Balancing change, choice, and human potential
While the principles of facilitating, encouraging, modelling, equipping and protecting learning are all solid, it’s important to add that employers can’t drag employees into the future - they have to want to go. I understand the pragmatism here; roles are changing faster than ever, and not everyone was hired in an AI-native world. The goal, however, should be to take as many people along for the journey as possible. And remember, the true return on investment in L&D isn’t just retention - it’s the long-term value created through skills, innovation and stronger networks.
Nonetheless, after all these efforts, if someone remains resistant, organisations - like we’ve seen with Accenture - will need to make hard calls.
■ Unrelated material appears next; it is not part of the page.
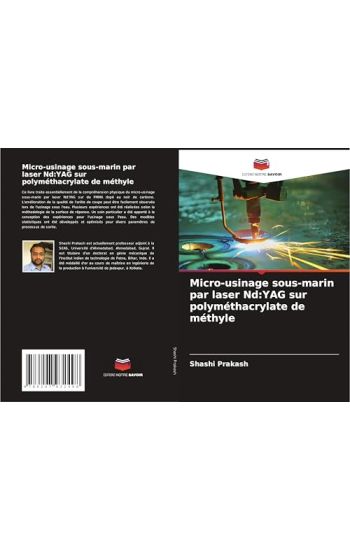 Micro-usinage sous-marin par laser Nd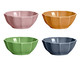 Jogo de Bowls Portal Colors - 04 Pessoas, Colorido | WestwingNow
For me, this is completely warranted, as long as these decisions aren’t used to disguise bias or exclusion.
In the short-term, this shift and way of thinking from companies may well widen the skills gap. That’s inevitable in any wave of disruption. But in the long-term, AI will act as a great leveller. It’s already breaking down geographic barriers, democratising access to knowledge, making learning more personalised, and skills more transferable. For me, I see AI as an assistant for creativity and human potential. The companies that thrive won’t be the ones with the most automation, they’ll be the ones with the most imagination.